Although our program incorporates undulating stress levels, the way we load our new/beginner athletes during individual training sessions is different than how we load our returning athletes.  Below is an example.

New Athlete: Progressive Load


Exercise: 3x8 Bench Press

Warm Up Set #1: 80 lbs.

Warm Up Set #2: 90 lbs

Set 1: 100 lbs.

Set 2: 105 lbs.

Set 3: 110 lbs


In the above example we are progressively overloading the athlete during each set. In addition we always start conservatively with our beginners. We have made phenomenal gains by simply adding 5 pounds to the exercise if all reps are attained with technical proficiency. However, this loading only works for a limited amount of time before athletes can no longer handle the weight leaving reps unaccounted for.


Second Set Grind: a.k.a. The “Big Dog Set”

Ok! I know the name seems kind of silly, but our athletes at Donskov Strength and Conditioning have embraced the terminology! Last summer (2011), many of our returning athletes left reps “under the bar” failing to attain all of the desired repetitions (their neuro-muscular systems were fried by the time their final “working set” came around). If we were trying to embrace Coach Boyles’ “minimally effect dose” philosophy, we were overdosing our athletes with stress. This year, we have adopted the second set grind a.k.a. The “Big Dog” Set.

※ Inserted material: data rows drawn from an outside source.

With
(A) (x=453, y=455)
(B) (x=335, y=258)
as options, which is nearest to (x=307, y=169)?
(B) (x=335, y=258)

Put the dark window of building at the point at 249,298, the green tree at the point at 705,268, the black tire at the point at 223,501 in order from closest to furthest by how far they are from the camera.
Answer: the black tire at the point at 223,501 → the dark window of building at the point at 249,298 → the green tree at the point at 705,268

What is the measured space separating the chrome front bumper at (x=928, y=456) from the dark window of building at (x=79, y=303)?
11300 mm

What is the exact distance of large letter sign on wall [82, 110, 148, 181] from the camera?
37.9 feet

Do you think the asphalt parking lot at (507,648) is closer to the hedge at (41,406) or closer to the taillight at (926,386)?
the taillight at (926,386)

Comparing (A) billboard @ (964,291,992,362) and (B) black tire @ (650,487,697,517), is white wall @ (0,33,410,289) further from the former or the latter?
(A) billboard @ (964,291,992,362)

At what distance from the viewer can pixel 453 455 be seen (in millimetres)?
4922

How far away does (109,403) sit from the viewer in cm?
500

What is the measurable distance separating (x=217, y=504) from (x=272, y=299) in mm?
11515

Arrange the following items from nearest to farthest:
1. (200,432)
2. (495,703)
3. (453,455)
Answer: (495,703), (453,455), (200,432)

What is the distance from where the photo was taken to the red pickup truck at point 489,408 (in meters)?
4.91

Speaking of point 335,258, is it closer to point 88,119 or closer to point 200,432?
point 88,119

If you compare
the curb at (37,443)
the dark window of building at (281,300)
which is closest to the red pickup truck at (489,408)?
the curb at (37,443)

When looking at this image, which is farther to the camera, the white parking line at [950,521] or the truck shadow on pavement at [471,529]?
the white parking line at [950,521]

Here are a few details about the set.

  • Big Dog set is always the 2nd “working set”
  • Load (pick a weight where you can leave 1-2 reps in the bank)
  • Attain all desired reps
  • Deload 3rd “working set”



Returning Athlete


Exercise: 3x8 Bench Press (assuming 200 lb bench)

Warm Up Set #1: 115 lbs.

Warm Up Set #2: 135 lbs.

Set 1: 155 lbs. (78% of 1RM)

Set 2: Big Dog 160-165 lbs.  (80-82% of 1RM)

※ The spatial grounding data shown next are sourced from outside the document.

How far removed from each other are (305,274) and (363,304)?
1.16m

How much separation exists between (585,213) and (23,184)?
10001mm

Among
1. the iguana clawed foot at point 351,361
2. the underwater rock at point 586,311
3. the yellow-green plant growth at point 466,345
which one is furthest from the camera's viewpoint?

Set 3: 145 lbs (72% of 1 RM)

We have had great success in strength gains this summer using the “Big Dog ” set for our core lifts (hang clean, bench press, trap bar DL and rear foot elevated split squats). Our athletes also feel refreshed and revitalized. We have even used this model with our AMRAP’s (As Many Reps as Possible) that are performed during the last week of our current phase. Here is how it looks.


Before “Big Dog”


Exercise: Chin Up

Set 1: x8

Set 2: x8

Set 3: AMRAP


“Big Dog”


Exercise: Chin Up

Set 1: x8

Set 2: AMRAP

Set 3: x8 (deload may use bands of assistance)

When comparing the numbers of previous programs, our athletes have improved dramatically using this method. They are simply “fresher” and not as neurally fatigued allowing them to perform a high volume with technical precision.


* Side Note: We document ALL loads used. We do not use 1RM charts as our athletes’ 1RM’s constantly fluctuate due to their training age. If the weight is too light, we simply count the rep as a first set weight or document the word “heavier” with a number 1-5 (1=too light, 5=extremely heavy) for the following exposure.


As the great Coach Charlie Francis remarked: “Smaller CNS demands over a longer period of time result in more acceptance and greater improvement, while the rush to get more done leads to uncertainty down the road.” We are simply trying to coax the gains with this group of athletes, not force them. In my opinion, the biggest mistake a Coach can make “is striving to obtain an increase in the athlete’s fitness level as soon as possible; increasing the training volume/loads too aggressively” (Verkhoshansky). Our “Big Dog ” set has allowed us to stay fresh, have fun and embrace the “smaller CNS demands” that aid in athletic development.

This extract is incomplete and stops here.